Crédit MEHDI FEDOUACH / AFP
Crédit MEHDI FEDOUACH / AFP
Paris, France | AFP | jeudi 16/03/2023 - Des centaines de policiers, magistrats et avocats se sont de nouveau rassemblés jeudi dans toute la France pour dénoncer le projet de réforme de la police judiciaire (PJ) souhaité par Gérald Darmanin. 

Tous les rassemblements étaient prévus à 12H00 devant les tribunaux judiciaires, à l'appel de l'Association nationale de la police judiciaire (ANPJ), créée en août pour organiser la riposte contre la réforme qui doit entrer en vigeur à la fin de l'année.
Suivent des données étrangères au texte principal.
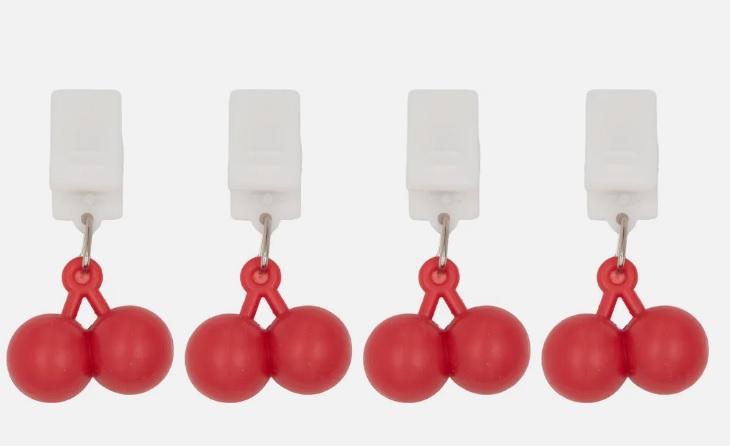 Tischtuchbeschwerer, Kirsche, 4er-Set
A Lyon, le président de l'ANPJ, Yann Bauzin, a fait valoir que "la validation de ce projet s'est faite sans réel dialogue social". "Avec la complaisance, si ce n'est dire la complicité, de certains syndicats", a-t-il asséné.
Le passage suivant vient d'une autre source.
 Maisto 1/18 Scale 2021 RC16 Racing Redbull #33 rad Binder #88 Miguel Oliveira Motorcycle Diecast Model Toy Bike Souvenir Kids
Son discours a été lu lors de tous les rassemblements.

Dans la capitale des Gaules, ils étaient environ 150 enquêteurs, magistrats, avocats et membres de l'association Anticor. 

"Le principal problème sera la baisse de la garde contre la délinquance organisée et la délinquance financière de haut niveau", a estimé Cédric Antoine, vice-président à la cour d'appel de Lyon et trésorier de l'antenne locale de l'Union syndicale des magistrats (USM, majoritaire). 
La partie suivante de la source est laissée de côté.